-- Opening Marker --
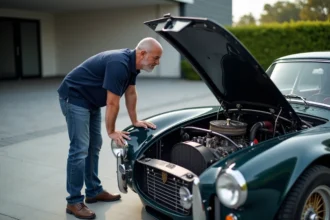 Ingénieur automobile expliquant le moteur à une jeune femme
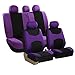 FH Group Car Seat Covers Full Set Cloth - Universal Fit, Automotive Seat Covers, Low Back Front Seat Covers, Airbag Compatible, Split Bench Rear Seat, Car Seat Cover for SUV, Sedan, Van Purple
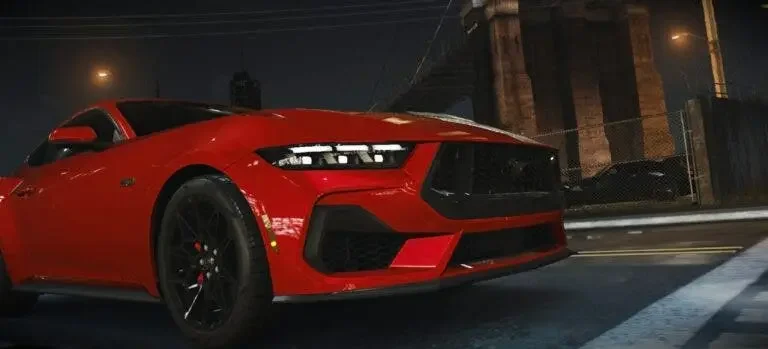 a red running car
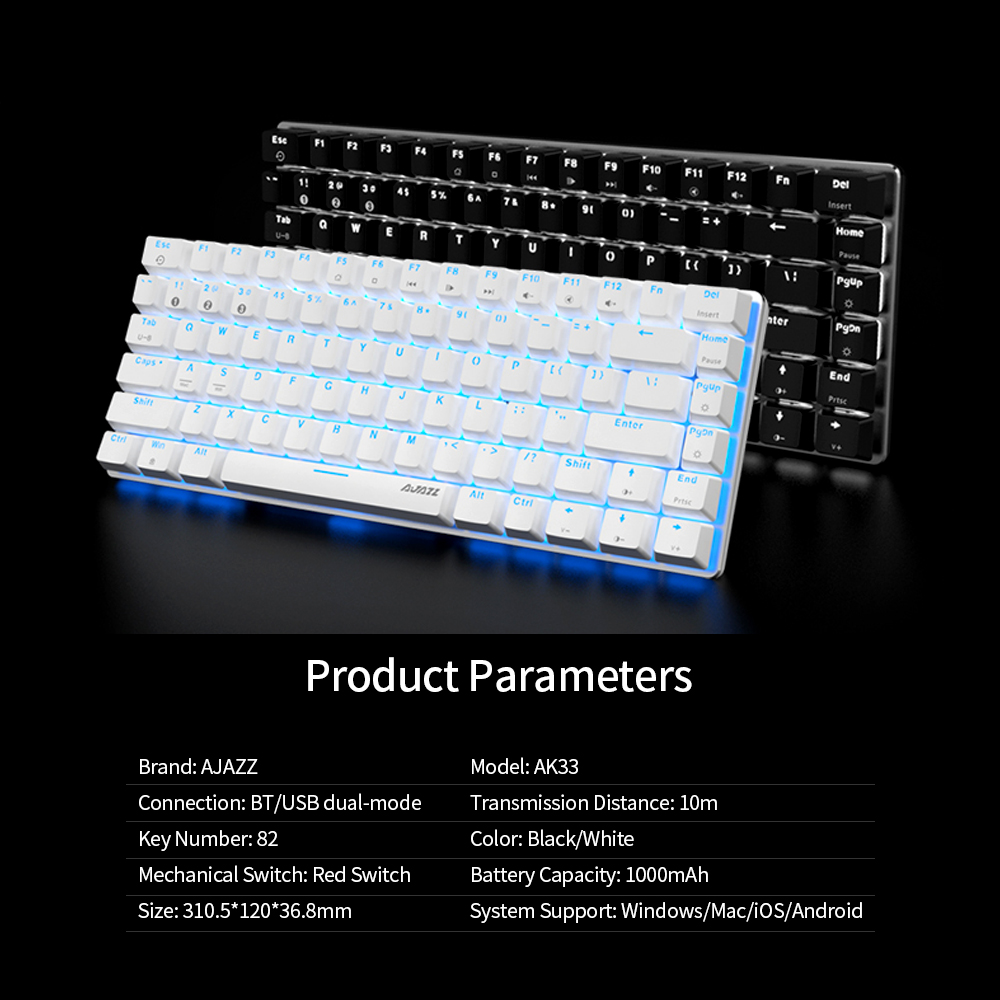 Ajazz AK33 82 Keys USB Wired Mechanical Keyboard Monochromatic White Backlight Gaming Office Keyboard Pink with Red Switches. 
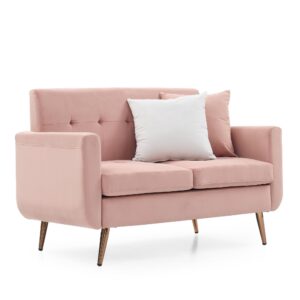 48" W Loveseat Sofa, Mid Century Modern Decor Love Seat Couches for Living Room, Button Tufted Upholstered Small Couch for Bedroom, Solid and Easy to Install Love Seats Furniture (Pink)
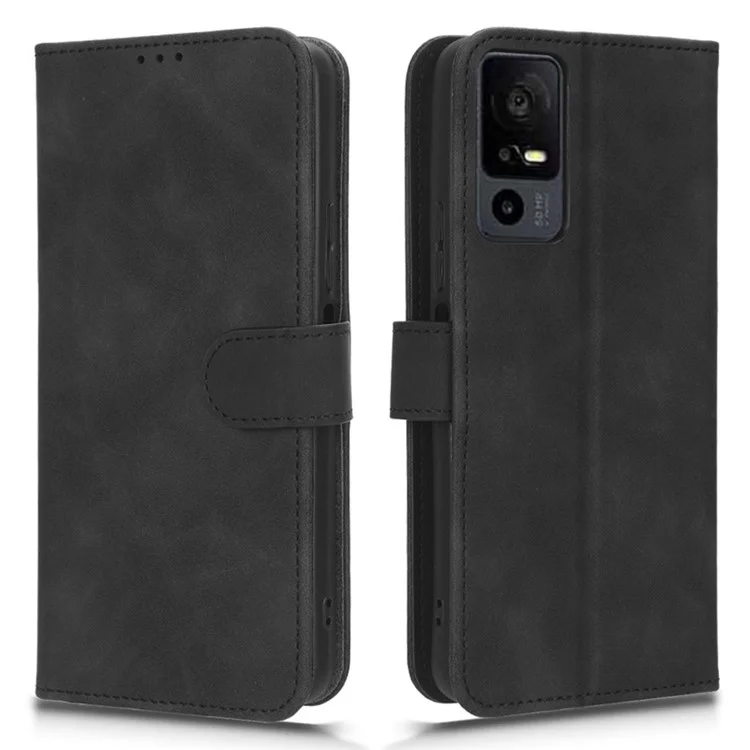 Para TCL 40 XE Skin-touch Wallet Case PU Leather Flip Stand Phone Cover - Negro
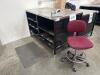 INDUSTRIAL METAL WORK TABLE WITH STAINLESS STEEL TOP, 60&rdquo; x 36&rdquo;, and stool, LOCATION: IN WAREHOUSE NEXT TO MTEX PRINTER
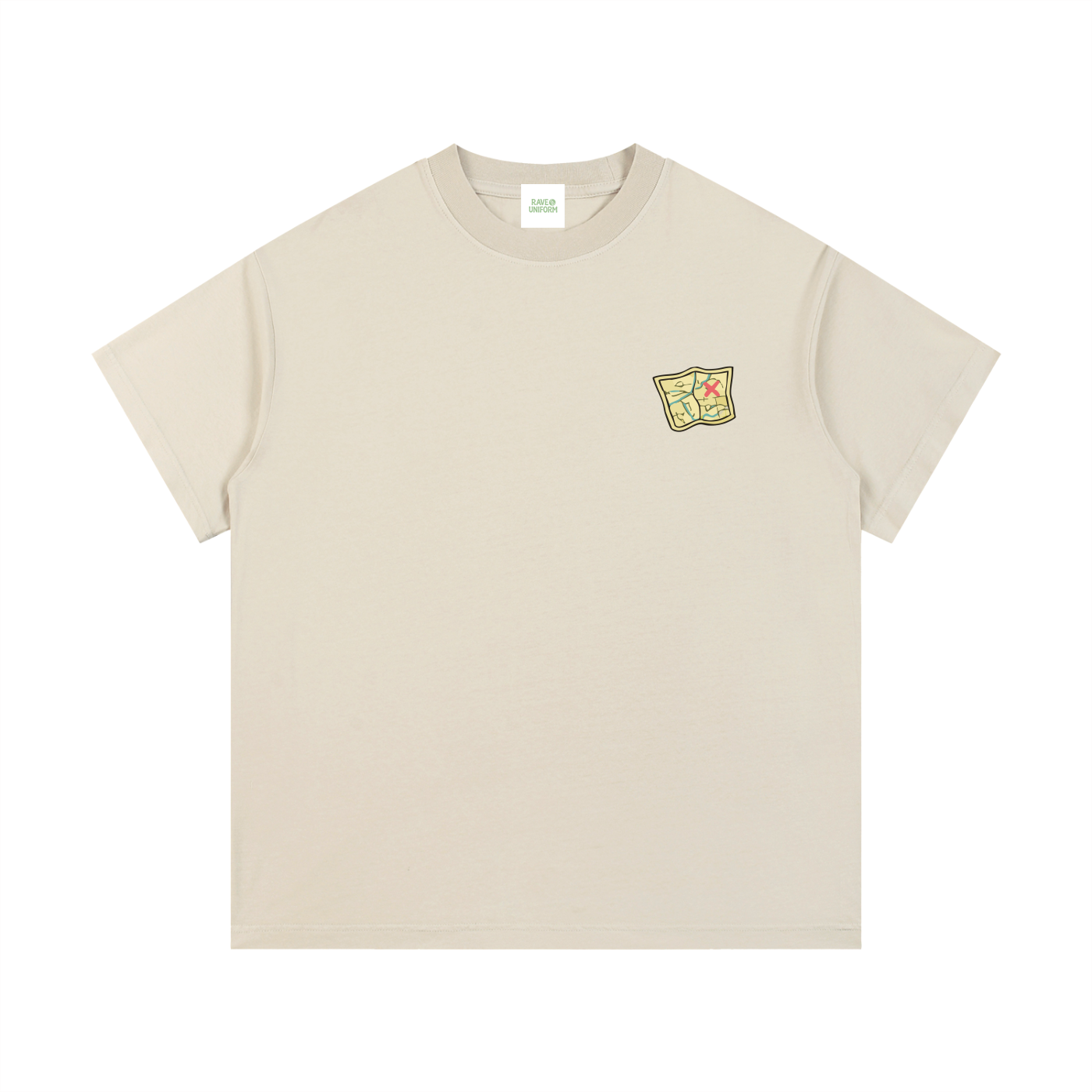 Side Quest T-Shirt in Light Apricot side view by Rave Uniform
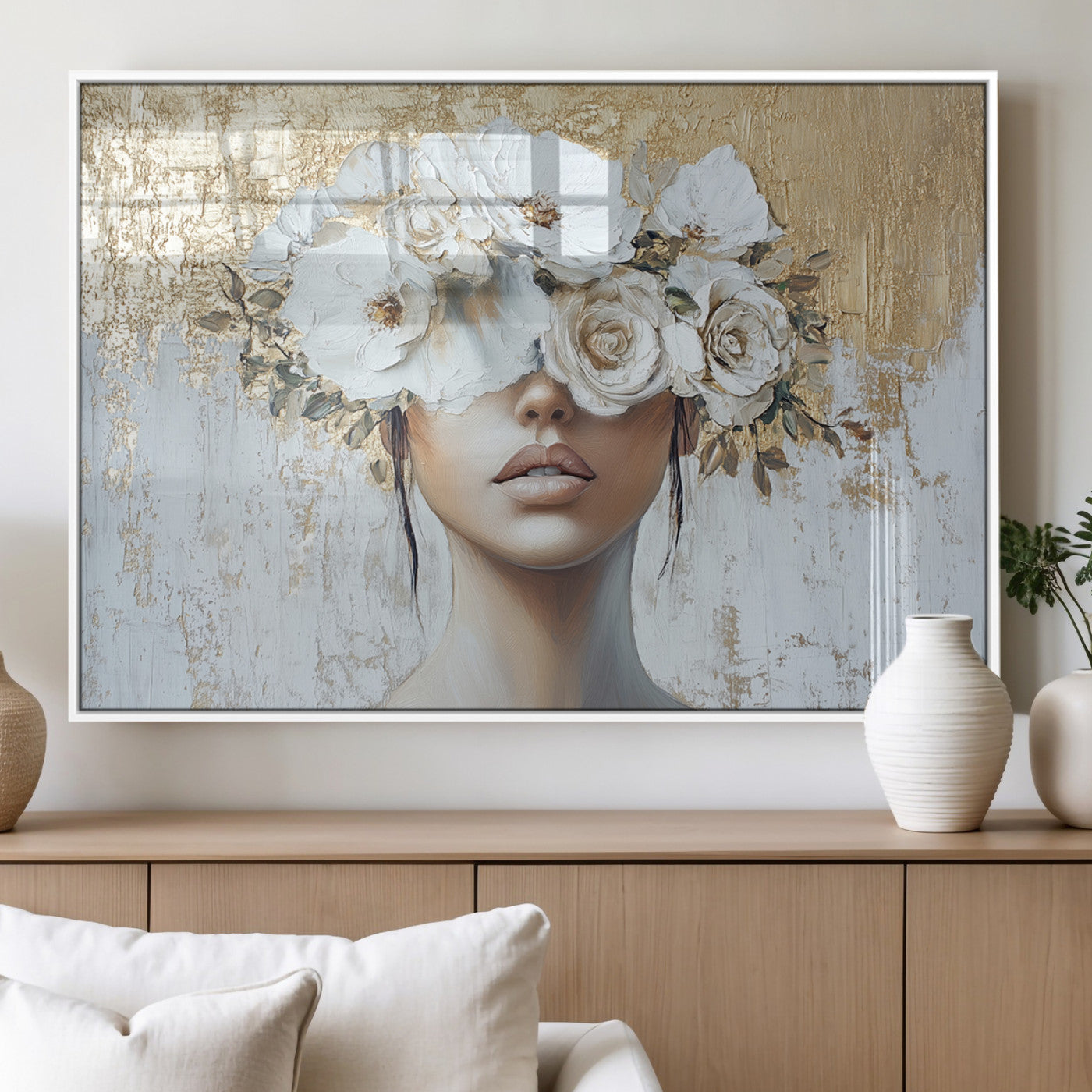 MGV-FP-36X24-3P - Golden Petal Wall Art - Canvas Print Flower Head Woman Painting Floral Woman Portrait Wall Decor,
-- Closing Marker --
● **Exercise prompt**
Word for word, restate the material above; do not carry over the pictures.

● **Solution to this exercise**
 Ingénieur automobile expliquant le moteur à une jeune femme
 FH Group Car Seat Covers Full Set Cloth - Universal Fit, Automotive Seat Covers, Low Back Front Seat Covers, Airbag Compatible, Split Bench Rear Seat, Car Seat Cover for SUV, Sedan, Van Purple
 a red running car
 Ajazz AK33 82 Keys USB Wired Mechanical Keyboard Monochromatic White Backlight Gaming Office Keyboard Pink with Red Switches. 
 48" W Loveseat Sofa, Mid Century Modern Decor Love Seat Couches for Living Room, Button Tufted Upholstered Small Couch for Bedroom, Solid and Easy to Install Love Seats Furniture (Pink)
 Para TCL 40 XE Skin-touch Wallet Case PU Leather Flip Stand Phone Cover - Negro
 INDUSTRIAL METAL WORK TABLE WITH STAINLESS STEEL TOP, 60&rdquo; x 36&rdquo;, and stool, LOCATION: IN WAREHOUSE NEXT TO MTEX PRINTER
 Side Quest T-Shirt in Light Apricot side view by Rave Uniform
 MGV-FP-36X24-3P - Golden Petal Wall Art - Canvas Print Flower Head Woman Painting Floral Woman Portrait Wall Decor,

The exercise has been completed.